An einer flachen Stelle wird es plötzlich etwas offener. Der Boden hat sich hier offenbar verdichtet, weil etwas Wasser darauf zurückbleibt. Wir sehen dünne Birken und eine heideartige Vegetation mit Arten wie Erika und Gagel. Wir sind im Seggen-Birkensumpf. Dies ist auch ein Sumpfwald, aber ganz anders als der Erlensumpfwald, in dem wir vorher waren. Vor allem ist die Biomasse viel geringer. Am Teichrand erinnert ein Weidensaum an die Assoziation der Grauweide aus dem Lehmgebiet. Aber auch hier ist der Wald viel dünner als unten im Weidensumpf. Wir sind hier in der sogenannten Assoziation der Ohrweide.

Zurück in die Wirklichkeit

Der natürlichen Waldentwicklung wurde in Zeeland nie eine große Chance gegeben. Fast der gesamte fruchtbare Ton wurde als Ackerland genutzt, was Tonwälder sehr selten macht. Der vorhandene Wald ist hauptsächlich Produktionswald, der regelmäßig geerntet wird. Und dann die Exoten; die Amerikanische Traubenkirsche verdrängt viele andere Arten. In vielen Wäldern ist kaum noch ein einheimischer Baum zu finden. Durch das Ammoniak aus der Luft ist die blumige Waldvegetation in eine aus Brombeeren und Brennnesseln verwandelt. Decksandflächen wurden trockengelegt, wodurch die typischen Sumpfwälder mit Heide, Gagel und Torfmoosen verschwunden sind.
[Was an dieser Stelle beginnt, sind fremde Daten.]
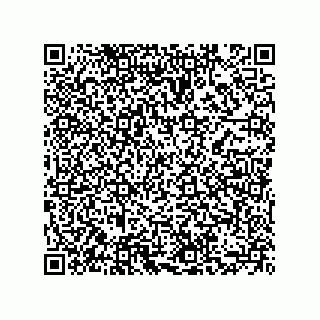 vCard 73855729123
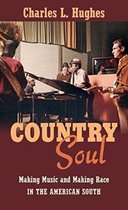 Country Soul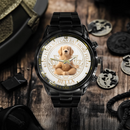 Watch-mockup-scene2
Die oben genannten Wälder, unsere natürlichen Waldformen, existieren daher in Zeeland nur in sehr geringem Maß, oder in Reinform sogar nur theoretisch.

Natur von Menschenhand

Glücklicherweise gab es auch positive Entwicklungen. In vergangenen Jahrhunderten bauten reiche Leute Landgüter mit Wald entlang der inneren Dünenränder und auf sandigen Bachkämmen. Dies betrifft in der Regel Pappel-Ulmenwälder. Sie weisen eine üppige Frühlingsflora auf, weil hier viele sogenannte Stinsenpflanzen (meist exotische Frühblüher mit auffälligen Blüten) eingeführt wurden. Und bei der späteren Flurbereinigung und Naturentwicklung ist auch etwas Wald angelegt, sogar auf Lehmboden.

Natürliche Waldbewirtschaftung

Heutzutage wird mehr Wert auf eine naturverträgliche Bewirtschaftung gelegt, wobei mehr Bäume alt werden und nach ihrem Tod liegen bleiben. In den von ihr gepflegten Wäldern führt die Stiftung Het Zeeuwse Landschap eine Bewirtschaftung durch, die sich auf eine solche natürliche Entwicklung konzentriert. Einige dieser Wälder sind sogar im internationalen Kontext sehr selten: die Slikken van de Heen mit flussunterstützendem Hartholzauwald und Oranjezon mit Dünendickicht.